For many years, the six Angulo brothers – Bhagavan, Govinda, Jagadisa, Krsna, Mukunda, and Narayana lived in an apartment in a housing project on the Lower East Side in New York City. The brothers, who all sported waist-long jet black hair, were, for all intents and purposes, isolated from the outside world, confined exclusively to the living space they shared with their parents and sister. Certain years they would get to go outside less than ten times for the entire year, other years they didn’t get to go out at all. Even their educational needs were attended to by their mother, Susanne, a mid-western, former hippie, who homeschooled them. This allowed her to collect a check from the state of New York, and in turn, permitted their quasi, Hare Krishna worshiping father, Oscar, to imbibe in his alcohol consumption, and delusional thinking that he was somebody special.
Throughout the years, Oscar kept the door to the apartment locked at all times, so as to keep his children from venturing out onto the streets, where he felt they would immediately fall victim to crime and drugs; even Susanne was only permitted to leave the apartments on certain occasions. Oscar, who was Peruvian born, originally wanted to move his family to Scandinavia, but a lack of finances, and his own un-willingness to work, relying instead on handouts, kept that aspiration from becoming a reality. The brothers’ sister, Vishnu, was born with Turner syndrome, a developmental disorder that affects females. She only appears a handful of times throughout the film, and never speaks on camera.

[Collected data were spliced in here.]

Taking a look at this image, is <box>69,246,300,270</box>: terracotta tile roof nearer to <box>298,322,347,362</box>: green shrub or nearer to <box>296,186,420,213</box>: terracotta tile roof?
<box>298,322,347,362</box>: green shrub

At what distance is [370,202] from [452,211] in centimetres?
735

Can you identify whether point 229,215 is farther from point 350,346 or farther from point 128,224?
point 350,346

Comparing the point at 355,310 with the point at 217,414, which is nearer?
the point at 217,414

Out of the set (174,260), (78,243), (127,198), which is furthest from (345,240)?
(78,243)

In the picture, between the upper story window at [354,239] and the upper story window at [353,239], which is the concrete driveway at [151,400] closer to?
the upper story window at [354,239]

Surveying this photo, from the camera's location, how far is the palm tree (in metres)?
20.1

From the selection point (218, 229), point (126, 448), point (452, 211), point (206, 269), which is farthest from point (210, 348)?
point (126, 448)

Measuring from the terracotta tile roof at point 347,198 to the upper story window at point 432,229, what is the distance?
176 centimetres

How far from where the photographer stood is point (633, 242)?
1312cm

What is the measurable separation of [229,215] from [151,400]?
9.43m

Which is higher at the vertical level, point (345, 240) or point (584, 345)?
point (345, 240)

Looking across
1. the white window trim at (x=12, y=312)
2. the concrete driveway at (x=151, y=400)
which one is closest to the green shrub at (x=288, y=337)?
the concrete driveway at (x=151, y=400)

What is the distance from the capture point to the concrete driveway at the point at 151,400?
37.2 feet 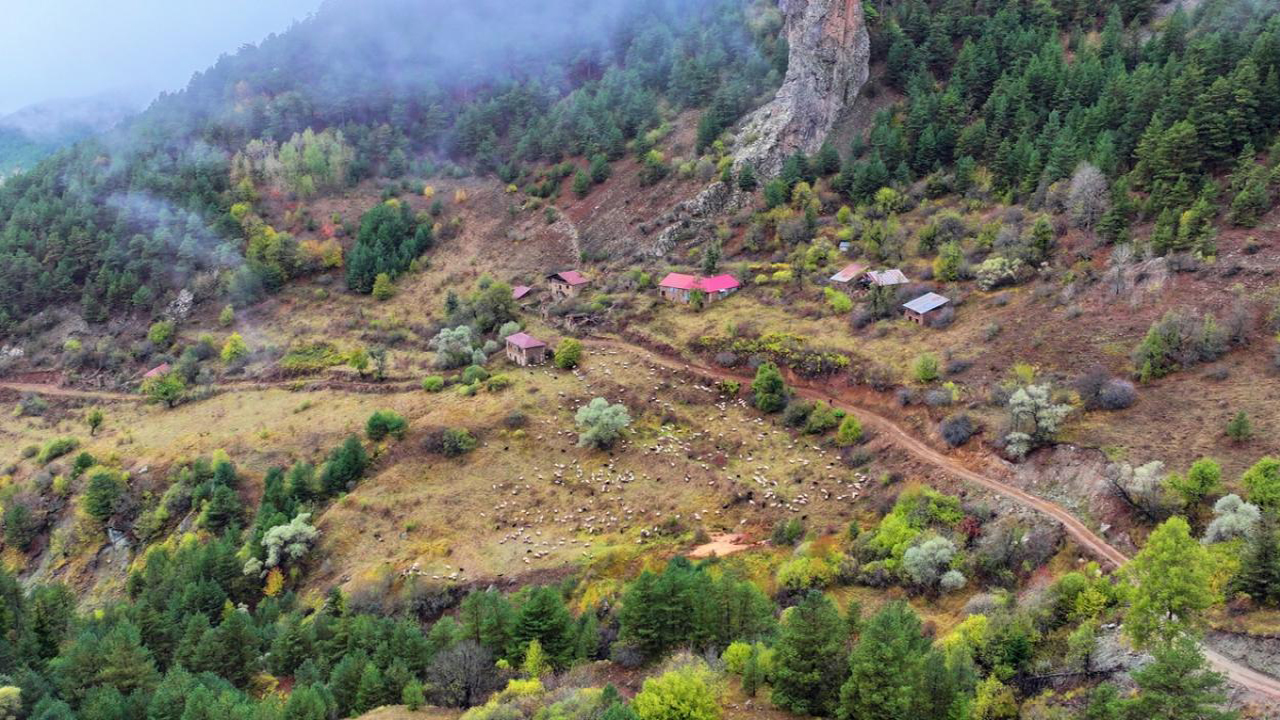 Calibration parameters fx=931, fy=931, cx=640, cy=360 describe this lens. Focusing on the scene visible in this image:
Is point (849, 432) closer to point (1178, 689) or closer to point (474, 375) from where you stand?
point (474, 375)

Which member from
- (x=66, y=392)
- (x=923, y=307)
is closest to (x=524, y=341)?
(x=923, y=307)

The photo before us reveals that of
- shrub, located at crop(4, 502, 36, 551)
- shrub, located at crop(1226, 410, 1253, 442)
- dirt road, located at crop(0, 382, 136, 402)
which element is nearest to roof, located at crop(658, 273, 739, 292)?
shrub, located at crop(1226, 410, 1253, 442)

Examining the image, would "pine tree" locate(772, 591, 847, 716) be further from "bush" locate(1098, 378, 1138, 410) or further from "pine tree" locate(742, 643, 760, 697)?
"bush" locate(1098, 378, 1138, 410)

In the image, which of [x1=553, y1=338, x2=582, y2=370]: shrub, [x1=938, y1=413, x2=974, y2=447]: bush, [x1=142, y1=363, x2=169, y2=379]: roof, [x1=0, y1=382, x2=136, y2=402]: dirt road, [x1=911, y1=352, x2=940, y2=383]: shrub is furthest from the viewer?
[x1=142, y1=363, x2=169, y2=379]: roof

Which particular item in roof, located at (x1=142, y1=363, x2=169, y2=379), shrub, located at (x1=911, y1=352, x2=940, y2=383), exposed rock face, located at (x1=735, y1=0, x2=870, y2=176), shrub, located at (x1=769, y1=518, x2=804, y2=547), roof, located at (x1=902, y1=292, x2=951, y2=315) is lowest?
shrub, located at (x1=769, y1=518, x2=804, y2=547)

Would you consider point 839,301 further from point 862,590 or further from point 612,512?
point 862,590

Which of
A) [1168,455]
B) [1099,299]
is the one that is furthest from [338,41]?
[1168,455] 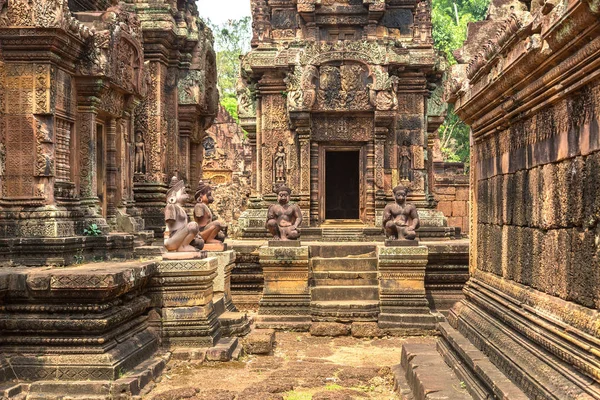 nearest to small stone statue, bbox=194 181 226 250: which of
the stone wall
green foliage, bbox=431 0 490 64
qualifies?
the stone wall

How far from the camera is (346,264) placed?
11375mm

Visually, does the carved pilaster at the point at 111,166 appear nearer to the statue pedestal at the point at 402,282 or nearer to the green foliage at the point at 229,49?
the statue pedestal at the point at 402,282

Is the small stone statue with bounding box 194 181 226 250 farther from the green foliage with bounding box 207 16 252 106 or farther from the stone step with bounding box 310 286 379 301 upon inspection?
the green foliage with bounding box 207 16 252 106

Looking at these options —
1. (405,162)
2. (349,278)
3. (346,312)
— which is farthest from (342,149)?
(346,312)

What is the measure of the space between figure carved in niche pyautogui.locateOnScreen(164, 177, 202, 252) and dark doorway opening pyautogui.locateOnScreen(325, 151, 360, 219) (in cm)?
902

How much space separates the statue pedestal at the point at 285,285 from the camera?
10.5 meters

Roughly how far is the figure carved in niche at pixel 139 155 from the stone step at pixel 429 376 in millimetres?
7339

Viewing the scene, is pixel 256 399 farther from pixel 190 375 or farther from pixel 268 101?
pixel 268 101

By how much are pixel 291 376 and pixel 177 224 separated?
89.9 inches

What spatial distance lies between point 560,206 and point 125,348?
4.60 meters

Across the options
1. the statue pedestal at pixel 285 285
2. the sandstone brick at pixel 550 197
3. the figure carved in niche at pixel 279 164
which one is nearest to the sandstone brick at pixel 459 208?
the figure carved in niche at pixel 279 164

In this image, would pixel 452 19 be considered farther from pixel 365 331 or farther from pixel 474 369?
pixel 474 369

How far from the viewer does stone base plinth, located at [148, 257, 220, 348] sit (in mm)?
7746

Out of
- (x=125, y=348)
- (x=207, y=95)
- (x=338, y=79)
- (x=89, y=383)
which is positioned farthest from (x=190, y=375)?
(x=207, y=95) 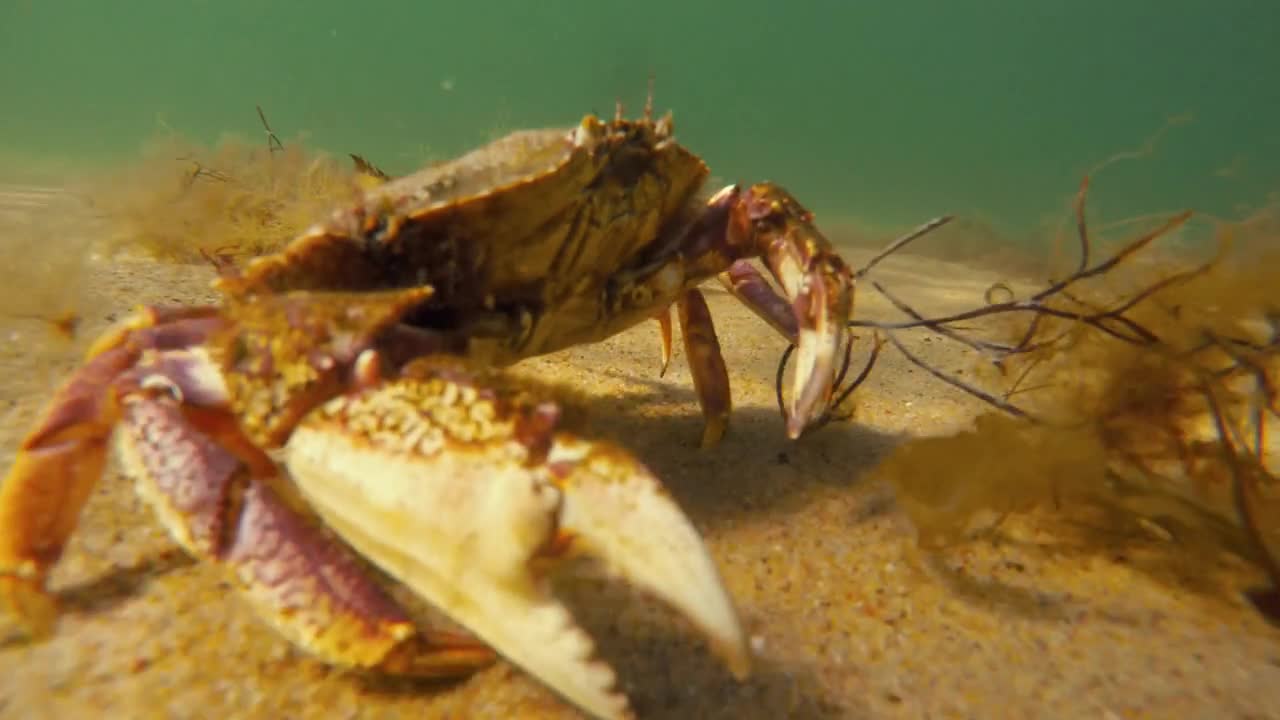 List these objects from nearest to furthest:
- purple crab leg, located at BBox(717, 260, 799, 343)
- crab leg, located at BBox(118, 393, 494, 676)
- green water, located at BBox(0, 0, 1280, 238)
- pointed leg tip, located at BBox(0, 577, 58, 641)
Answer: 1. crab leg, located at BBox(118, 393, 494, 676)
2. pointed leg tip, located at BBox(0, 577, 58, 641)
3. purple crab leg, located at BBox(717, 260, 799, 343)
4. green water, located at BBox(0, 0, 1280, 238)

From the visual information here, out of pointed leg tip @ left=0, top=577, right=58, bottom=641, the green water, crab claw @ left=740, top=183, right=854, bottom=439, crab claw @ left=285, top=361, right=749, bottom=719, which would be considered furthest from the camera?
the green water

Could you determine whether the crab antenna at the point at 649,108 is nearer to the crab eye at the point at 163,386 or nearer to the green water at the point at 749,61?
the crab eye at the point at 163,386

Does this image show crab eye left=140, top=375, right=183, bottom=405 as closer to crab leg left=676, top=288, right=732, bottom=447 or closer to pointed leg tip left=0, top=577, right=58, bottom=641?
pointed leg tip left=0, top=577, right=58, bottom=641

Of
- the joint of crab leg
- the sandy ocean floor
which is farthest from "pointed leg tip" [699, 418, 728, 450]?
the joint of crab leg

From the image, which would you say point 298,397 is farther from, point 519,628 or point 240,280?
point 519,628

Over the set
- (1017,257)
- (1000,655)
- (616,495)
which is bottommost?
(1000,655)

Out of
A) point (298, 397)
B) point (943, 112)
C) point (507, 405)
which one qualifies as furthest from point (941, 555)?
point (943, 112) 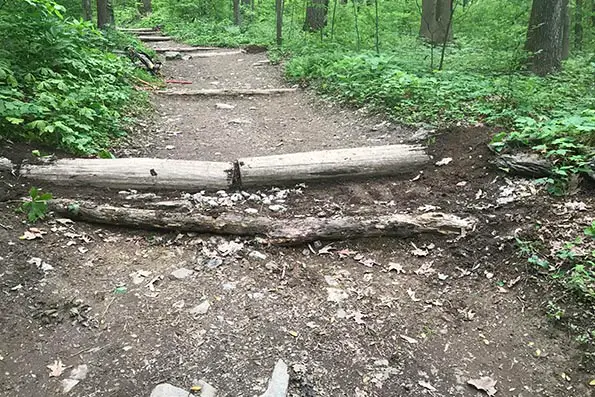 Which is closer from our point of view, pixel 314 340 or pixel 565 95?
pixel 314 340

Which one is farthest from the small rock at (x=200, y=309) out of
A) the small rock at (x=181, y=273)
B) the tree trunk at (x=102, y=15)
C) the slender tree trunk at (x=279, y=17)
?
the slender tree trunk at (x=279, y=17)

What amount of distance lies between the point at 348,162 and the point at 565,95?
430cm

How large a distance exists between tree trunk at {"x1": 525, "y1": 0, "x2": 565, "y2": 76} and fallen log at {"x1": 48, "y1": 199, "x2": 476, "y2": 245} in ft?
19.7

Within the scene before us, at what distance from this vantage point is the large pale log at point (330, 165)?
5262mm

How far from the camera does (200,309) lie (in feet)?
11.6

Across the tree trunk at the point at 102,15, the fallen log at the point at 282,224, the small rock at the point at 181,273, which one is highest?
the tree trunk at the point at 102,15

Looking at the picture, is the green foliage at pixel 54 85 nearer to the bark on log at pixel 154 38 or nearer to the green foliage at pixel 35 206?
the green foliage at pixel 35 206

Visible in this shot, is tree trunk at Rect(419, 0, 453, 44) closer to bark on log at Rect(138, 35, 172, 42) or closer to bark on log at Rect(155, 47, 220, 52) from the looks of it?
bark on log at Rect(155, 47, 220, 52)

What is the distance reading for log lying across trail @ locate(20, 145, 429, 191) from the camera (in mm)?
4965

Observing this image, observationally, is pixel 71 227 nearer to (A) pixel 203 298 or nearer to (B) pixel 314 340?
(A) pixel 203 298

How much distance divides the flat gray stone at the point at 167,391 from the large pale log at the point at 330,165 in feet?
9.14

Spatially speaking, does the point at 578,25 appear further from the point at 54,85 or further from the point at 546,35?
the point at 54,85

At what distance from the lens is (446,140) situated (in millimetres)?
5832

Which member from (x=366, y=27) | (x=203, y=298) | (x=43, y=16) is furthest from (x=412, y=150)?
(x=366, y=27) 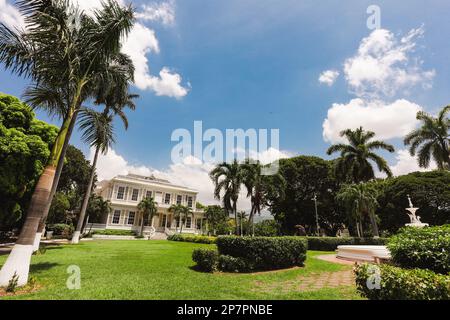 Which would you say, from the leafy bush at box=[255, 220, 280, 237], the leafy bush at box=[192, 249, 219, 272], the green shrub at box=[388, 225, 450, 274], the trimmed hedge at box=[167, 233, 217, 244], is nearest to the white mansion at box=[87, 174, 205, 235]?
the trimmed hedge at box=[167, 233, 217, 244]

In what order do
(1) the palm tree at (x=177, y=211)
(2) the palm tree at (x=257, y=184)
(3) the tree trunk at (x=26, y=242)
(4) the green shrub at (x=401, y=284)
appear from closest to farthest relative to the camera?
(4) the green shrub at (x=401, y=284) → (3) the tree trunk at (x=26, y=242) → (2) the palm tree at (x=257, y=184) → (1) the palm tree at (x=177, y=211)

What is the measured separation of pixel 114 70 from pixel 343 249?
16.4 m

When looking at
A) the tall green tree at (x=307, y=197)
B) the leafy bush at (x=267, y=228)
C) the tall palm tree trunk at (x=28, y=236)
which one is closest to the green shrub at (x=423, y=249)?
the tall palm tree trunk at (x=28, y=236)

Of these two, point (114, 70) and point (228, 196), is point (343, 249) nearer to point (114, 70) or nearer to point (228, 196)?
point (228, 196)

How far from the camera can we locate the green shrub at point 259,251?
30.6 feet

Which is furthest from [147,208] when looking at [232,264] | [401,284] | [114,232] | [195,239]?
[401,284]

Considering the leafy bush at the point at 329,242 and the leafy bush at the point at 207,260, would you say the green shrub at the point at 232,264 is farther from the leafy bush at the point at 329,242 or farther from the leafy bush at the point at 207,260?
the leafy bush at the point at 329,242

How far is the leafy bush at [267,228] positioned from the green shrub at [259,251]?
23.4 meters

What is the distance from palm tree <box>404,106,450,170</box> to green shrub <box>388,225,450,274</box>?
17.6 metres

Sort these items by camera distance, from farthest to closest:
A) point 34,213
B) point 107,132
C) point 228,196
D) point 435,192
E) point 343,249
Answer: point 435,192
point 228,196
point 343,249
point 107,132
point 34,213

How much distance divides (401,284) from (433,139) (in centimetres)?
2199

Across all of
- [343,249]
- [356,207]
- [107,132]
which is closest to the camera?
[107,132] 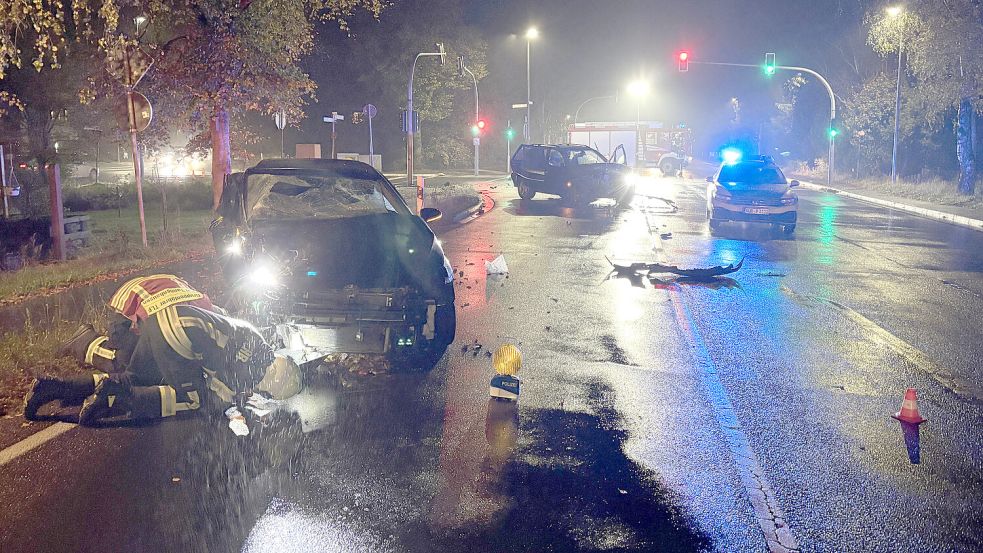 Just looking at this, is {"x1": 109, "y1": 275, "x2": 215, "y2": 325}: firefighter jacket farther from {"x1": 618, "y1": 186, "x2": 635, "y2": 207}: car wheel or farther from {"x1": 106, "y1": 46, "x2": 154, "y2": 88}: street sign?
{"x1": 618, "y1": 186, "x2": 635, "y2": 207}: car wheel

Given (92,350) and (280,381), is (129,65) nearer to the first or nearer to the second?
(92,350)

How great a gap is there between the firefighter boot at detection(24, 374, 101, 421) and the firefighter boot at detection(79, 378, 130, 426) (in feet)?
0.61

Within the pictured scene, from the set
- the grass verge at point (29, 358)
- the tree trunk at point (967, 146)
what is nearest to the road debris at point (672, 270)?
the grass verge at point (29, 358)

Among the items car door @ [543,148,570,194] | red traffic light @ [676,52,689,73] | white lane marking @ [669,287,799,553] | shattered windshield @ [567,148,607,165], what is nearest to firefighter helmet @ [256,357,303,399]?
white lane marking @ [669,287,799,553]

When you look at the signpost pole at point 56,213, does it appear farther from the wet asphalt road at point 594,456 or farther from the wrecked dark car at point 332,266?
the wet asphalt road at point 594,456

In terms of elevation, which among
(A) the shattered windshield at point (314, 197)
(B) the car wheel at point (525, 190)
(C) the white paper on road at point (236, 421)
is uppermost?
(A) the shattered windshield at point (314, 197)

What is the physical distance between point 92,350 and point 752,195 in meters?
15.9

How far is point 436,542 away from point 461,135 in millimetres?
66899

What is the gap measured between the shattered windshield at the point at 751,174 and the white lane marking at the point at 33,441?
1682cm

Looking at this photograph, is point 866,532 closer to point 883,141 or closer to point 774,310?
point 774,310

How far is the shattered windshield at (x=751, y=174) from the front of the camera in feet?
65.6

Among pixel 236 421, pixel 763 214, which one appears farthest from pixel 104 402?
pixel 763 214

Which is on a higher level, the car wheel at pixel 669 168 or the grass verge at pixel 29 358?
the car wheel at pixel 669 168

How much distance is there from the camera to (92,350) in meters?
6.50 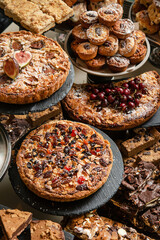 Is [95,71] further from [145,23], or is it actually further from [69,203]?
[69,203]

One of the few passions the brothers were able to partake in was watching films, which, with the exception of a window that looked down upon the streets of their New York City neighborhood, became their primary access to the outside world. The boys, however, took their love for film a step further. They wouldn’t just watch one of the movies they had in their vast DVD collection, but instead would reenact them, incorporating as much detail as possible, which included memorizing dialogue, as well as making props and costumes, out of items such as cereal boxes and tin foil. Short snippets of the Angulo brothers acting out scenes from films such as “Reservoir Dogs” and “Pulp Fiction” are interspersed between spoken commentary. Additional scenes in the documentary highlight outings that the brothers take, for example: a day at the beach, and a trip one evening to watch a movie in a theater on the big screen, which was a first for the brothers.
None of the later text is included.